IBM and Microsoft support the Vatican’s guidelines for ethical AI

The ‘Rome Call for AI Ethics’ recommends AI that safeguards human rights.

IBM and Microsoft have signed the Vatican's "Rome Call for AI Ethics," a pledge to develop artificial intelligence in a way that protects all people and the planet, Financial Times reports. Microsoft President Brad Smith and John Kelly, IBM's executive vice-president, are among the first global tech leaders to sign the document.

The pledge, presented to Pope Francis today, calls for AI that safeguards the rights of all humans, especially the underprivileged, and for new regulations in areas like facial recognition. It asks tech leaders to "humanise technology and not 'technologise' humanity," Novena News reports.

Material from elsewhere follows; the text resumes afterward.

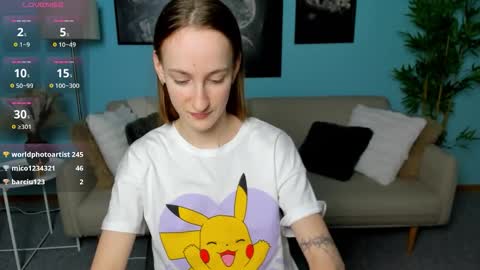 Jeidi online show from February 18, 8:08 pm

"The Vatican is not an expert on the technology but on values," Francesca Rossi, IBM's global AI ethics leader, said in a statement. "The collaboration is to make the Vatican and the whole society understand how to use this technology with these values."

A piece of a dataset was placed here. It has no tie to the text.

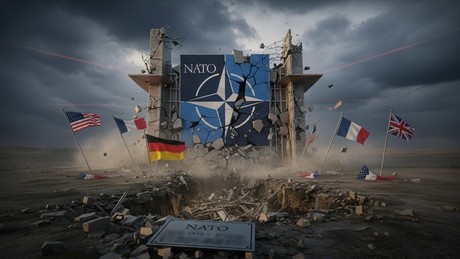 Zunehmende Zerfallserscheinungen – NATO-Krise vertieft sich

The pledge is part of a larger workshop on ethical AI led by the Pontifical Academy for Life in the Vatican this week. The Academy hopes governments, NGOs, industry leaders and other associations will join the "Rome Call for AI Ethics," along with tech companies like IBM and Microsoft.

It's unclear what this means in the long run, but this is an interesting symbolic move for IBM and Microsoft as they pledge to make ethical AI. Last year, Facebook backed an independent AI ethics research center, and Google has formed an external council to guide "responsible development and use."

The European Union has released its own guidelines for ethical AI development, and Canada and France are tackling the issue. Meanwhile, the White House has cautioned against over-regulating AI.